My try is $\frac{\|Ax\|}{\|x\|}\le \lambda,\forall \lambda$ as a not eigenvalue of $A$, and the equality occurs when $\lambda$ is an eigenvalue. So $\lambda$ is maximum? May be I am not even understanding the question.
On
Let $\bf A$ be symmetric and positive semidefinite.

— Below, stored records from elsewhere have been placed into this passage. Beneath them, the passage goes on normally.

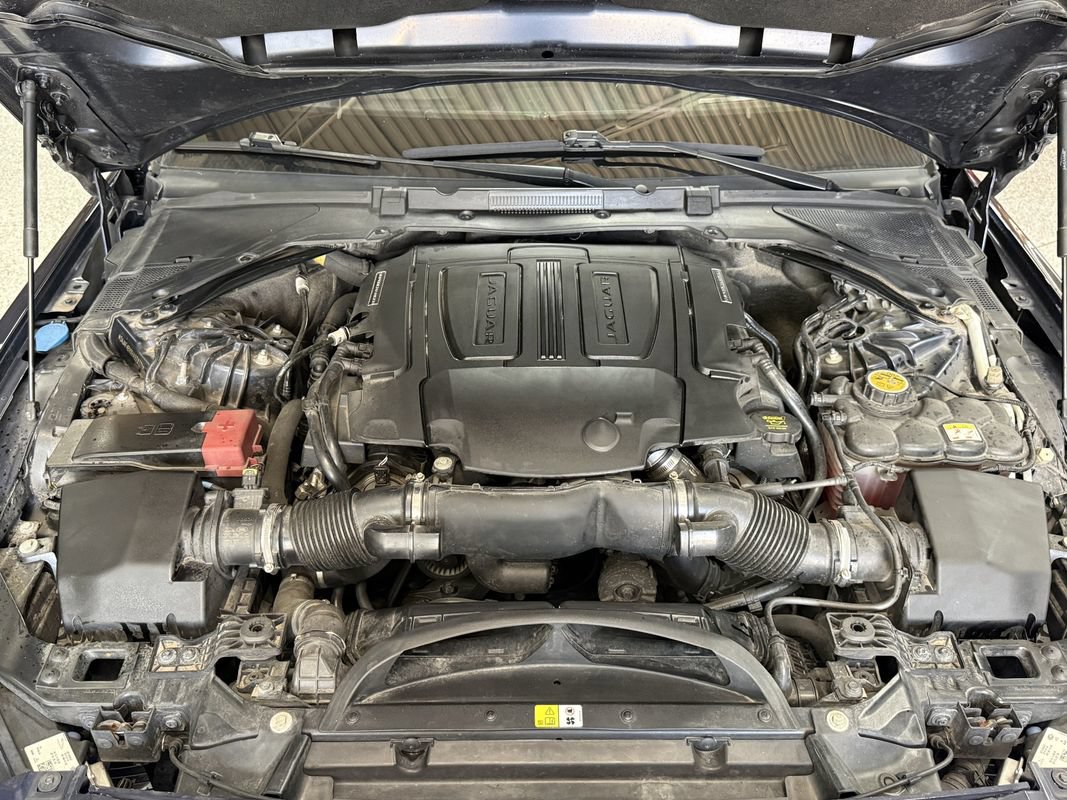 Used 2017 Jaguar XE R-Sport RWD image 27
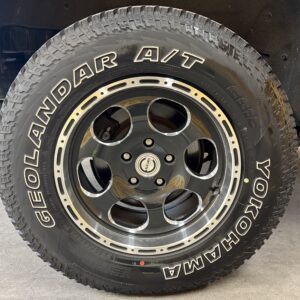 DELICA　デリカD5　Gプレミアム　【4WD】【カスタム】【車検２年付】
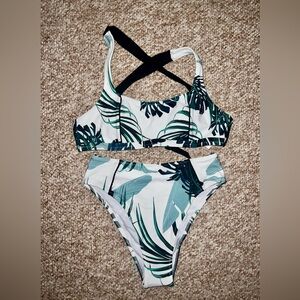 Cupshe Two Piece Bikini Adjustable Swimsuit Tropical Leaves Size M Women’s NWT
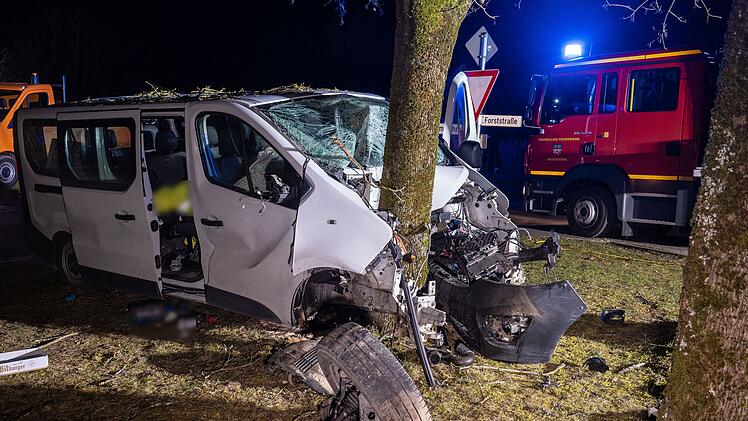 Betrunkener bei Unfall im Kreis Coburg schwer verletzt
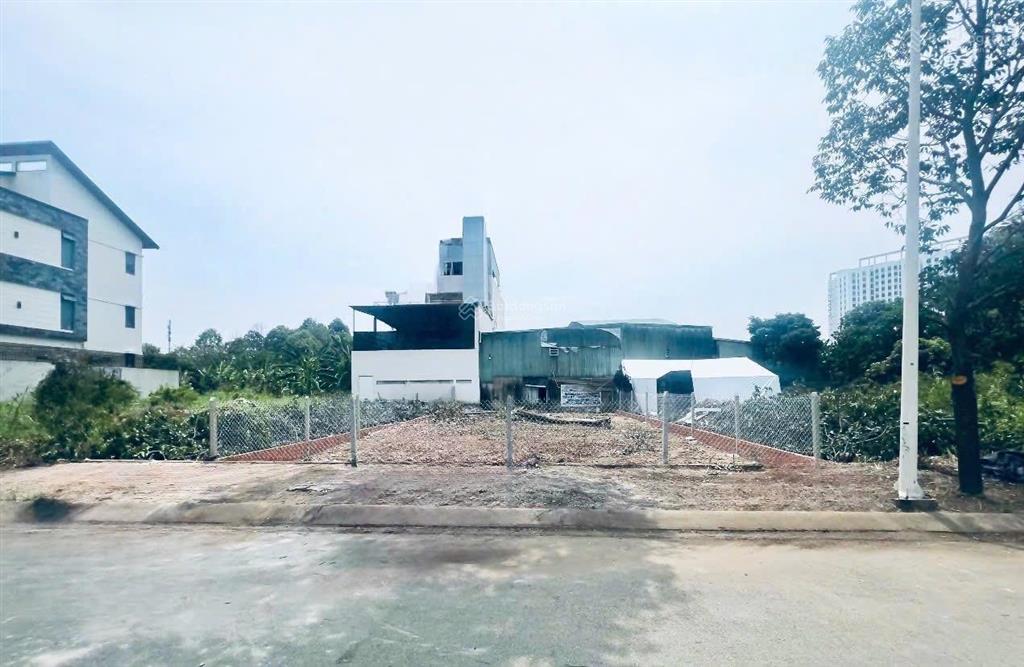 Chủ bán gấp lô đất biệt thự 200m2 mặt tiền sông có bờ kè trước nhà đẹp thoáng mát chỉ 9 tỷ 8
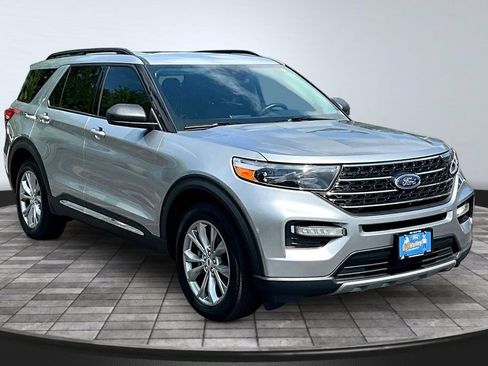 Certified 2023 Ford Explorer XLT w/ Equipment Group 202A AWD/4WD image 1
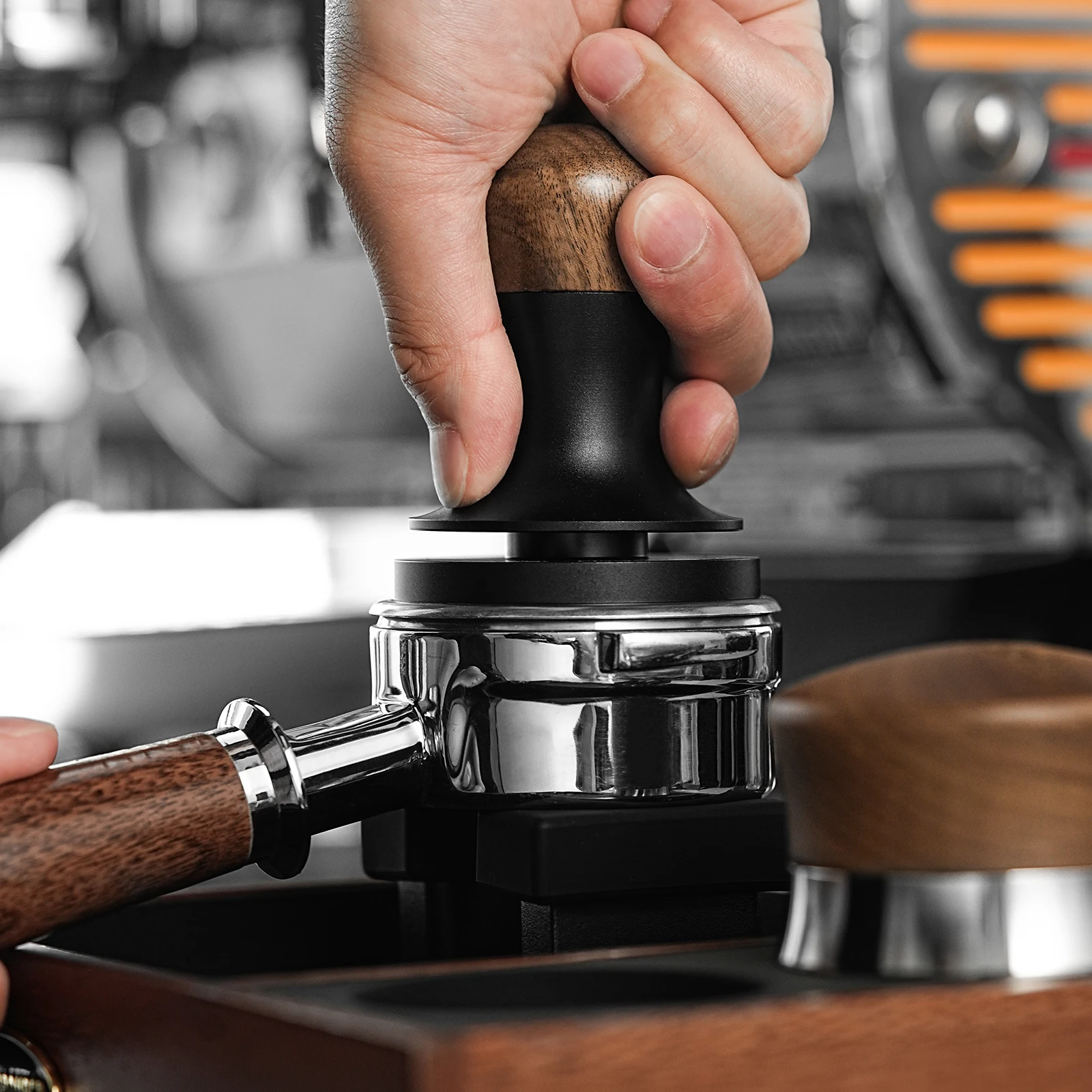 MHW-3BOMBER Tamper de café de presión constante de 30 lb 51 mm 53 mm 58 mm Tampers planos para café expreso con herramienta de b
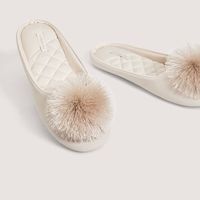 Modelo 3, pompon y color crudo.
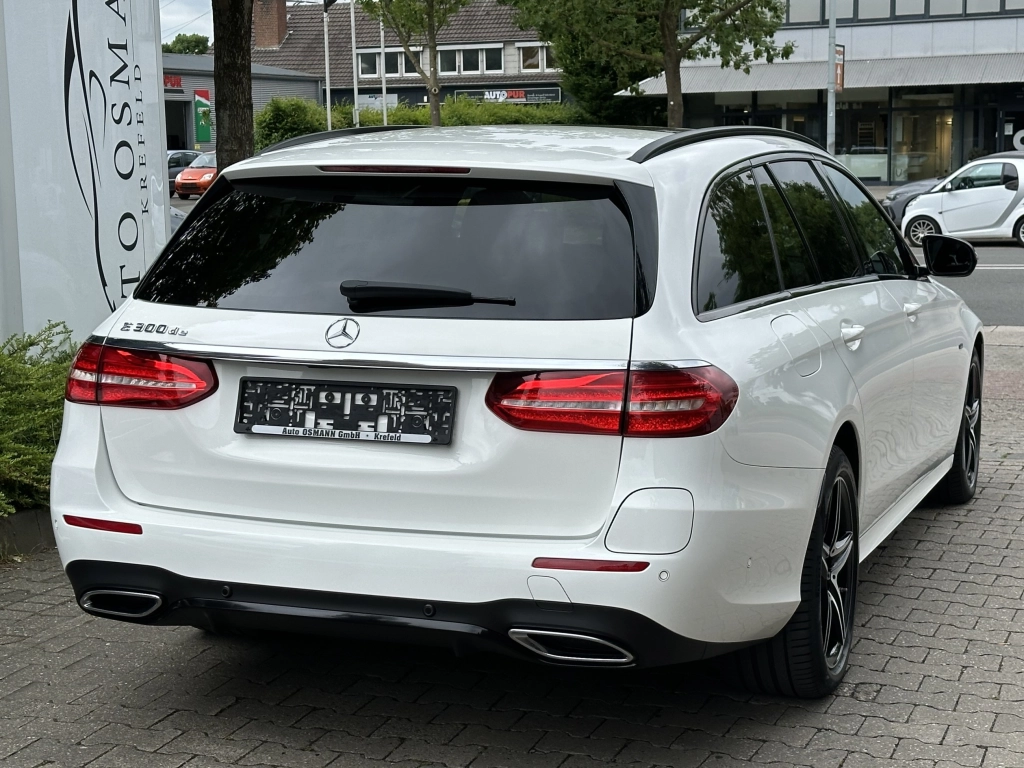 Mercedes-Benz E 300 de T 9G-TRONIC AMG Line /PANO / Burmester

$$ \| {\bf A} \|_2 = \sigma_{\max} ({\bf A}) = \sqrt{\lambda_{\max} \left( {\bf A}^\top {\bf A} \right)} = \sqrt{\lambda_{\max} \left( {\bf A}^2 \right)} = \sqrt{\lambda_{\max}^2 \left( {\bf A} \right)} = \left| \lambda_{\max} \left( {\bf A} \right) \right| = \color{blue}{\lambda_{\max} \left( {\bf A} \right)} $$
On
It is all of the answer first you can prove that for each eigenvalue of positive definite matrix $M$ you have $$ \operatorname{eig}(M^2)=\operatorname{eig}(M)^2.$$ In the other words if $s$ is the eigenvalue of $M$ then $s^2$ is the eigenvalue of $M^2$ since $s$ is the eigenvalue of $M$: $|s\cdot I-M|=0$ now by means of determinant properties we can write |s^2*I-M^2|=|(sI-M)(sI+M)|=|sI-M||sI+M|=0 we proved that s^2 is the eigenvalue of M^2 we now that 2 norm of a matrix M is derived from this equation ||M||=sqrt(max(eig(M'*M))) you should now that your claim is only true for symmetric matrix M so we can write ||M||=sqrt(max(eig(M^2))) according to our proof we can write ||M||=sqrt(max(s^2))) since M is positive definite s is positive now we can write ||M||=max(s)=max(eig(M))
By the spectral theorem, there is an orthonormal basis of eigenvectors of $A$, say $x_1,\dots,x_n$. WLOG, assume $0 < \lambda_1 \leq \dots \leq \lambda_n$, where $Ax_i = \lambda_i x_i$. For any non-zero $x$, write $x = c_1x_1 + \cdots + c_nx_n$. Then $$ \frac{\lVert{Ax\rVert}^2}{\lVert{x\rVert}^2} = \frac{\lVert{c_1\lambda_1x_1 + \cdots + c_n\lambda_nx_n\rVert}^2}{c_1^2 + \cdots + c_n^2} = \frac{c_1^2\lambda_1^2 + \cdots + c_n^2\lambda_n^2}{c_1^2 + \cdots + c_n^2} \leq \lambda_n^2 \frac{c_1^2 + \cdots + c_n^2}{c_1^2 + \cdots + c_n^2} = \lambda_n^2,$$ with equality achieved when $x = x_n$ (whence $\lVert{Ax\rVert}=\lVert{\lambda_n x_n\rVert}=\lambda_n$). You may wish to read about Rayleigh quotients or see Problem 37 in Brezis.